The GFSC overall findings from the thematic review highlight that the sector demonstrates much good practice. However, there are clearly areas for improvement.

  1. General maters
    1. the GFSC found that trustees were most comfortable with their obligations in relation to liquid or market-valued investments and how to demonstrate that they have discharged these.
    2. this said they further stated Demonstrating a cohesive strategy which embraces other asset types, such as real estate, private company shares and fine art, IS MORE CHALLENGING – although the GFSC saw examples where trustees had done so effectively.
    3. The GFSC would encourage trustees to identify the long term strategy for assets including the
      1. risk appetite,
      2. appropriate methods of periodic valuation,
      3. monitoring of the external environment,
      4. consideration of how trigger events will be managed and
      5. proactive consideration of asset disposal strategies.
  1. Governance
    1. Trustees are expected to ‘manage the investment and custody of trust assets professionally and responsibly’ (1 .  Principle 4, Code of Practice – Trust Service Providers)

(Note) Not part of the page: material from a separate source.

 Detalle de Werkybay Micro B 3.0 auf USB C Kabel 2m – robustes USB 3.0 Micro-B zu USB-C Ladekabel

    2. Common sense and good intentions are not sufficient to demonstrate that a trustee has appropriately discharged their duties in relation to trust assets. Furthermore, good corporate governance dictates that comprehensive documentation should be maintained, which in turn can reduce the risk of future litigation.

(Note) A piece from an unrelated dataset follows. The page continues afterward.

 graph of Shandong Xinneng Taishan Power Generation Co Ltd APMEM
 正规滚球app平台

    3. Structures Trustees should be able to demonstrate that, in determining their investment strategy, decisions have been well-thought through and appropriately challenged. In line with Principle 4 of the Code, trust assets must be managed professionally and responsibly in accordance with the trust deed.

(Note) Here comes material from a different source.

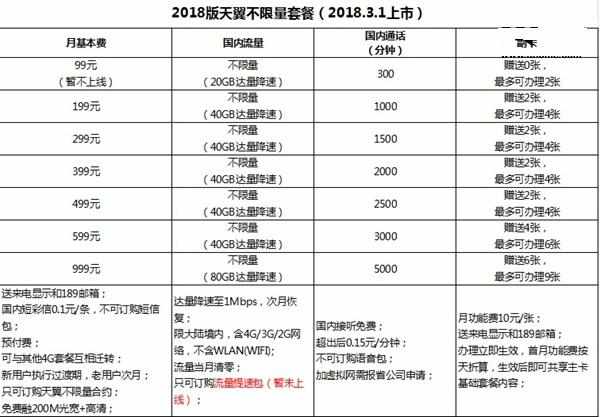 电信大流量套餐有哪些,电信通用流量套餐有哪些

    4. An attitude to risk questionnaire can be a useful tool in determining investment strategy, particularly as part of taking into account the client’s risk appetite.
  1. Conflicts of Interest
    1. Where assets are invested in-house, it is important for trustees to evidence the rationale behind the decision and document why an alternative provider was not selected. Approved investment manager lists can aid the process of selecting a manager, however, a trustee must be able to demonstrate that the performance of each manager is carefully considered and reviewed on an ongoing basis.
  1. Retrocessions
    1. Retrocessions, although anecdotally on the decline, remain common with around a fifth of firms reporting that they have received them.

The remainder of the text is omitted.